The Canso putting on a show, left. Not to be outdone, the Lanc flight
crew shows off the performance of the big four engine bomber, right.

Two other very popular airplanes that flew during the day were the Canso and one of only two currently flying Lancasters in the world (the other being the BBMF Lancaster in the UK). Unfortunately, both aircraft went unserviceable and were grounded for the remainder of the day. Regardless, the trips and museum passes they made were spectacular and wowed the crowd.

Flying for just over a year, the Lysander comes across the flightline, left.
The B-25 in a nice pass showing the top-side of the aircraft, right.

Rounding out the aircraft flying during the Flyfest were the uniquely painted Lysander, flying now for just over a year since coming off a 22+ year restoration. Finally, the ever popular B-25 Mitchell with a crew that always puts on a wonderful display with their "museum arrival" flypasts.

No longer flying, the Cessna Crane sits on the ramp in front of the CWH Museum building & hangar, left. Visiting but only on static display, the Vintage Wings of Canada P-40 was a popular airplane for spectators, right. (Photos by Janice Boyd)

Non-flying aircraft sitting on the tarmac included an assortment of museum aircraft including the Avro Anson. At onetime, very visible flying museum aircraft, the Anson has been 'grounded' for several years now and won't fly again until, or if/when, it has undergone restoration. Also on the tarmac in static display, the visiting Vintage Wings of Canada P-40, one of the most stunning fighter aircraft gracing the skies of Southern Ontario these days.
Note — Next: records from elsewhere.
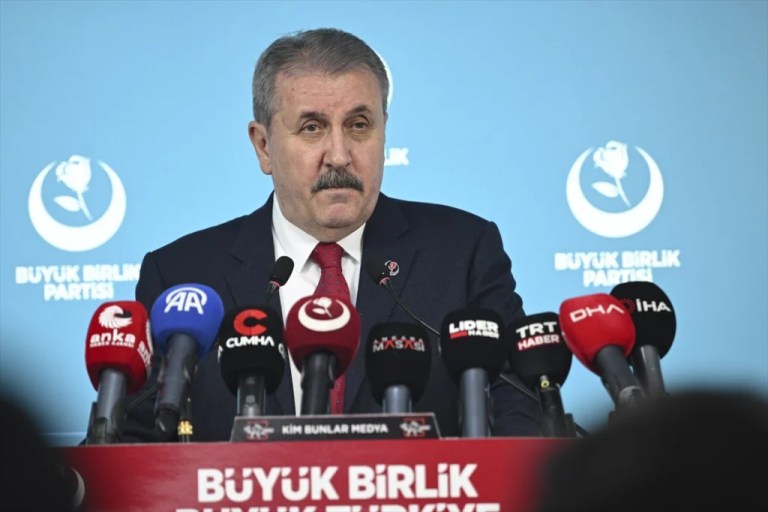 Destici: En düşük emekli maaşı 40 bin TL olmalı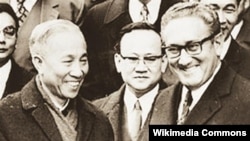 Ông Kissinger nói về ông Lê Đức Thọ: “Ông ấy đã mổ xẻ chúng tôi như một bác sĩ giải phẫu với con dao mổ – với sự khéo léo vô cùng”.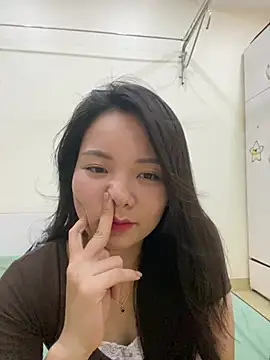 Bee Yellow00 online show from 28, 7, 2026
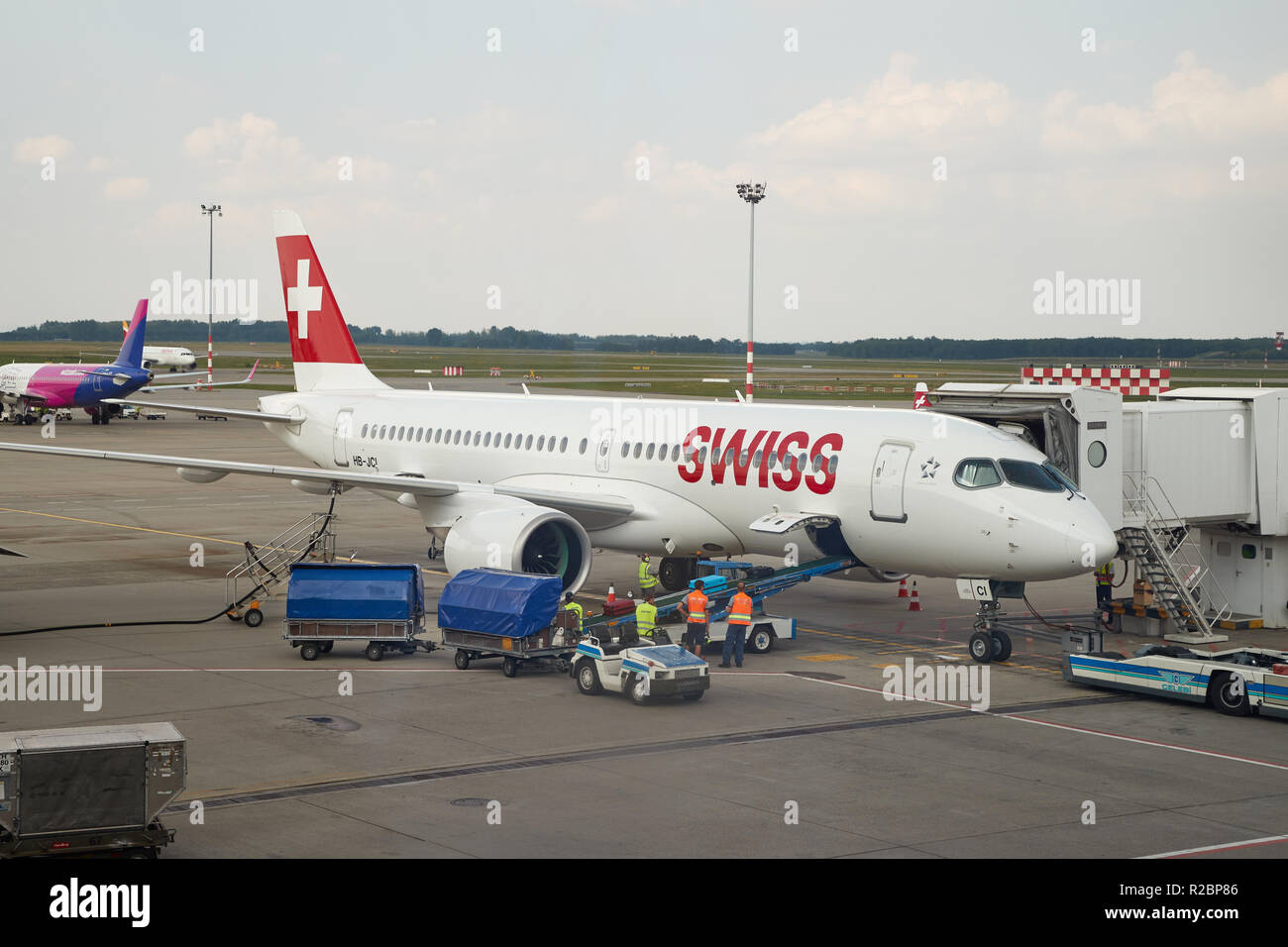 Avion à l'aéroport Banque D'Images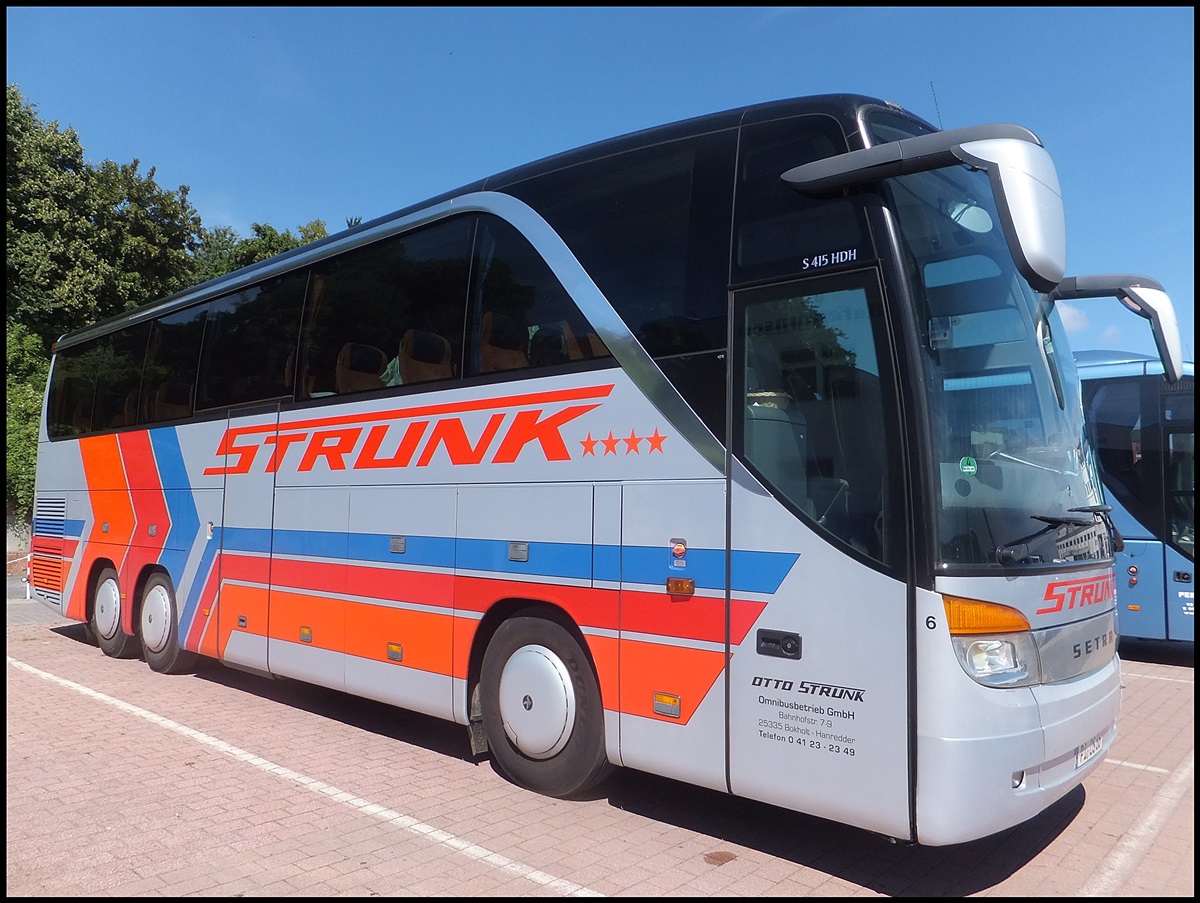 Setra 415 HDH von Strunk aus Deutschland im Stadthafen Sassnitz. 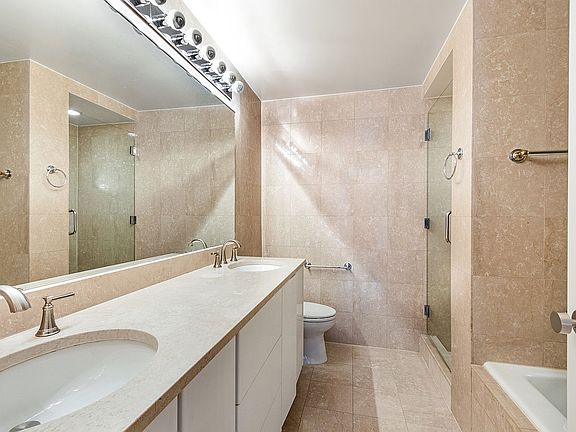 4th image of 200 E 69th St APT 6O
As you enter the museum, on the wall across from the front desk is a stunning tribute
to the men and women of the wartime RCAF including these two molded figures.
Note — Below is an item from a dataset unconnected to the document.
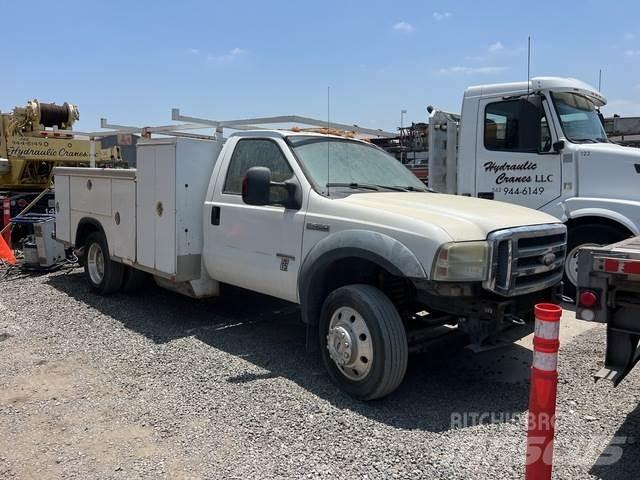 Ford F-450 Utilitaire benne
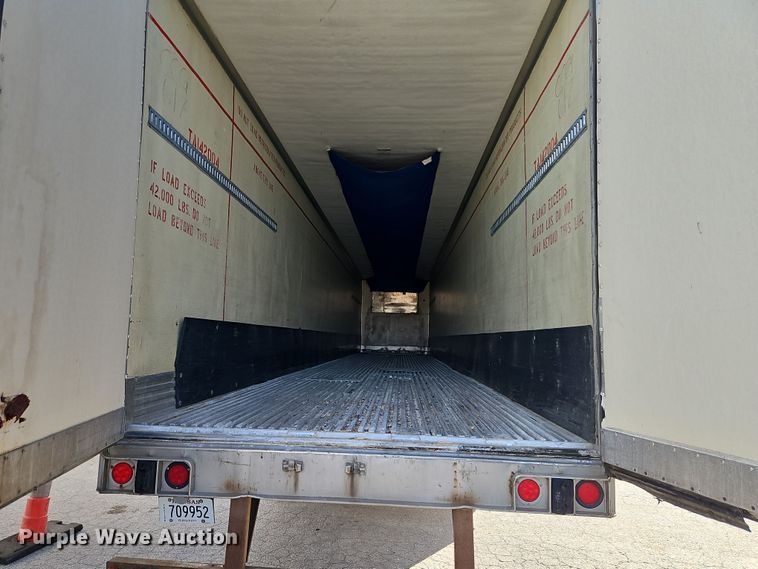 image for item DN7158 2005 Utility VS2RA  refrigerated van trailer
Of course, the museum isn't just about flying aircraft, it's also about static displays and memorials, tributes, and memories of those who flew and fought for our freedom, those who pioneered flight and set the stage for aviation, not only in Canada, but around the world. Those of us who enjoy flight today; enjoy the freedoms we have today; and the lives we live today have them to thank.

Close up of the cockpit and nose of the Canso as she flies overhead in a turn for the circuit, left. The Lancaster returning from a member ride, making for the downwind leg after a "museum arrival" pass, right.
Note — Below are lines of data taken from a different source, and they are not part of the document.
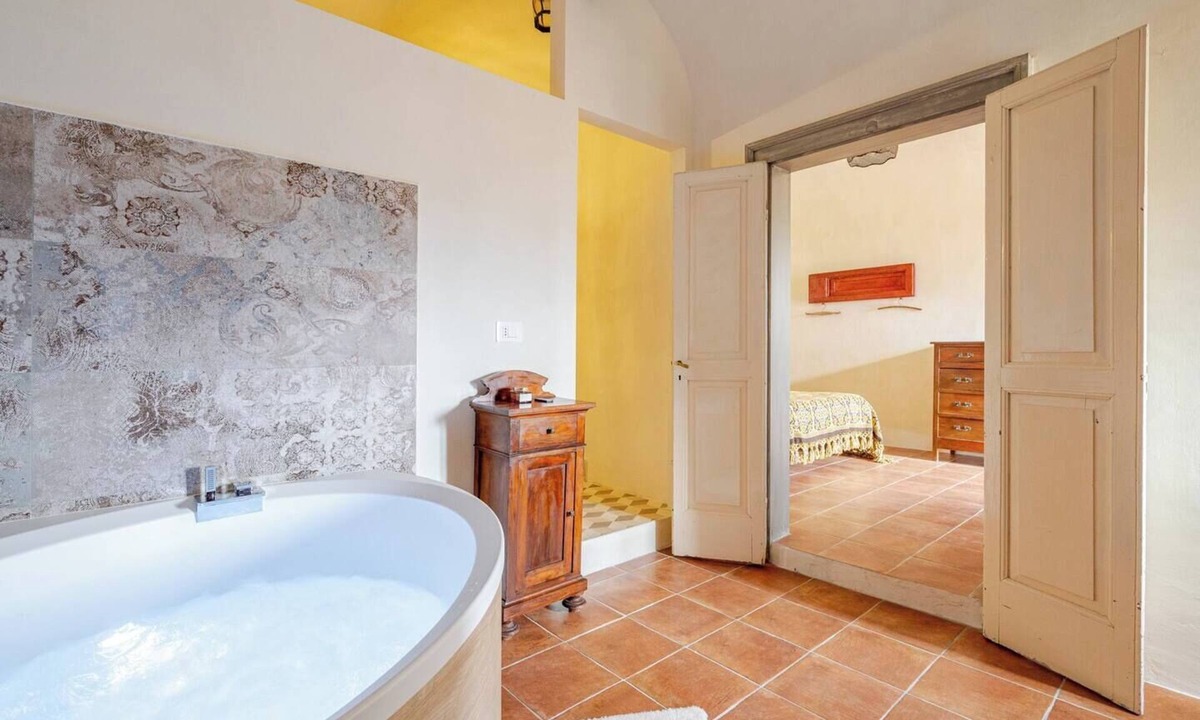 Calascio House | House On The Arch, Deluxe Jacuzzi in Calascio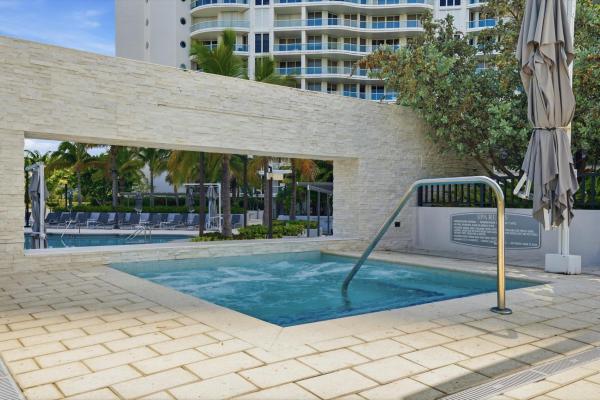7000 Island Boulevard, 7000 W Island Blvd #907, Aventura, Florida 33160, image 3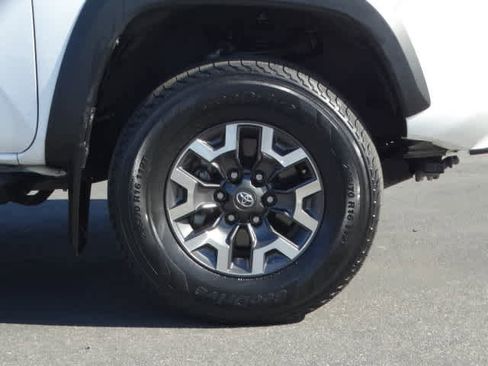 Used 2023 Toyota Tacoma TRD Off-Road w/ TRD Premium Off Road Package image 8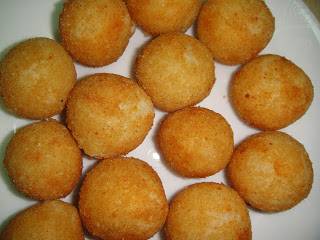Сырные шарики простые жареные - пошаговый фото рецепт приготовления | Домашние рецепты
So, whether you're a father, a dad, a grandfather, grandpa, poppa or pops and you like airplanes, aviation, and/or aviation history, drop some hints to your son or daughter, your wife or your grandchildren. Maybe you're a father to be or maybe you just love airplanes. Well then, Canadian Warplane Heritage Flyfest on Father's Day weekend is a great place to celebrate and remember.

The Dak in a nice tight turn, left. Some of the other CWH static museum aircraft on the tarmac in front of the museum. In the foreground is the de Havilland Vampire, then the Canadair Tutor and the Canadair F-86 Sabre, right.


Two more of the molded figures that appear on the mural
just inside the entrance to the museum.


Tight, close-up of the cockpit of the B-25 Mitchell and crew, left,
and the B-25 in a nice banked pass, right.


Ending the day, the HAG C-47 in formation with the CWH Dak as they approach
the museum with the Ontario, Canadian, and RCAF flags in the foreground.